A la maison, il existe d’autres pièces, comme la cuisine ou le salon, propices à l’apprentissage, à condition de ne pas être sensible au bruit. Parce qu’il s’agit de lieux de passage, l’adolescent, peut s’y sentir moins seul et devrait éviter de se réfugier dans ses pensées ou son smartphone. Pour les élèves qui en ont la possibilité, le jardin a forcément ses atouts. « Il y a aussi, évidemment, la bibliothèque [publique ou scolaire]. Un endroit où l’émulation est présente, car toutes les personnes qui nous entourent sont au travail », ajoute Brigitte Prot.
4 Varier les méthodes de révision
Trente jours avant l’examen, il n’est pas trop tard pour rédiger des fiches. A condition que ce travail ne soit pas chronophage et qu’il soit bien réalisé. « Il faut éviter de tomber dans le travers de la fiche linéaire, remplie uniquement de phrases. On privilégie la fiche visuelle, avec des éléments comme la frise chronologique, un tableau ou un nuage de mots », conseille Sébastien Martinez. Pour Brigitte Prot, la fiche permet d’apprendre en faisant. Elle doit tenir en recto-verso, utiliser des codes couleurs, et contenir, à la fin, les trois idées essentielles d’un chapitre, « à côté desquelles on ne peut pas passer ».
Une fois la fiche d’une leçon réalisée, ou revue si elle a été faite plus tôt dans l’année, une phase d’entraînement peut débuter. « Pour les matières scientifiques, on s’exerce à refaire les exercices qui accompagnent la leçon, on s’assure de comprendre la logique par la pratique. Pour les matières plus littéraires, on utilise la méthode du plan, à savoir réécrire, de tête, l’ossature du cours », propose Sébastien Martinez.
Ensuite, l’idée est de se mettre dans les conditions réelles de l’examen. « Au moins une semaine avant la première épreuve, on se plonge dans les bacs blancs et les annales pour se préparer à l’exercice d’endurance que représente le baccalauréat », recommande le champion de la mémoire. Les derniers jours de révision peuvent aussi être consacrés aux savoirs « périphériques », qui permettront de grappiller des points. Exemple, en philosophie : la mémorisation d’une quinzaine de citations dans leur contexte.

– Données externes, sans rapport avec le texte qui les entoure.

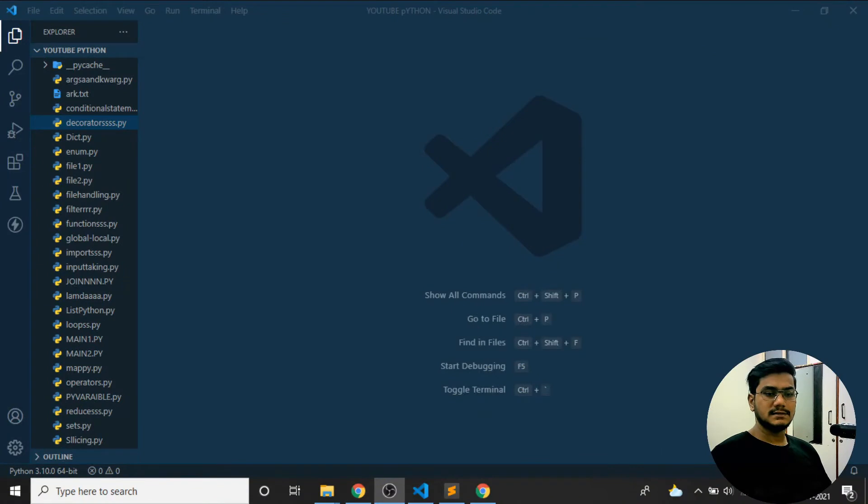Hello guys, welcome back to my YouTube channel. In this video let's solve Python problems and see how they can be solved with the problem statement. We have completed all the basic concepts of Python, starting from installation to the basics and into little advanced concepts. After this video we will be seeing complete object-oriented programming in Python, but before that we'll be solving problem statements.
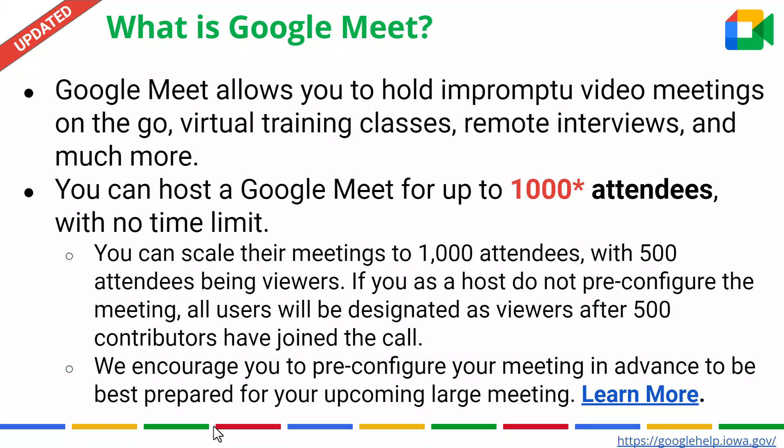Welcome. The Google team is excited to let you know you can now host a Google Meet for up to a thousand attendees with no time limit. However, there are some important factors to be aware of when you are hosting a large meeting. With that being said, we also strongly encourage you to pre-configure your meeting in advance to be best prepared for your large upcoming meeting. Let's go ahead and talk more about that.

La psychopédagogue vante par ailleurs les mérites du travail en groupe. « La pire insécurité de celui qui bosse son bac, c’est la solitude. Donc prévoir des sessions en duo, trio, ou plus, avec des amis, permet de s’enlever une dose de stress. En étant avec d’autres, on s’évite aussi de procrastiner », explique Brigitte Prot. « Le travail à plusieurs nous amène à mieux mémoriser les questions qu’on s’est posées à voix haute » sur une leçon donnée, à condition de choisir les bonnes personnes, complète Sébastien Martinez.
5 S’aérer, se divertir et soigner son sommeil
Après la pause déjeuner ou en fin de journée, Brigitte Prot insiste sur la nécessité de pratiquer une activité physique ou créative, une activité « dans laquelle on se réussit autrement » que par la réussite scolaire. Le week-end, elle suggère de moins travailler, au maximum une demi-journée par jour. « Les lycéens qui préparent le bac ne doivent pas se mettre dans un rythme de classe préparatoire. Ce n’est pas ce qu’on attend d’eux et, le risque, c’est aussi de craquer en route. »
Sur le sommeil, deux habitudes à prendre : pas d’écran juste avant de dormir et une heure de couchage fixée avant 23 heures. « Un cerveau en bonne santé, à cet âge-là, c’est au moins 8 heures de sommeil », précise Sébastien Martinez.« Avec une nourriture équilibrée et des repas réguliers, on s’assure suffisamment d’énergie », ajoute Brigitte Prot, selon qui les moments à table doivent aussi être considérés comme des moments de plaisir et de relaxation.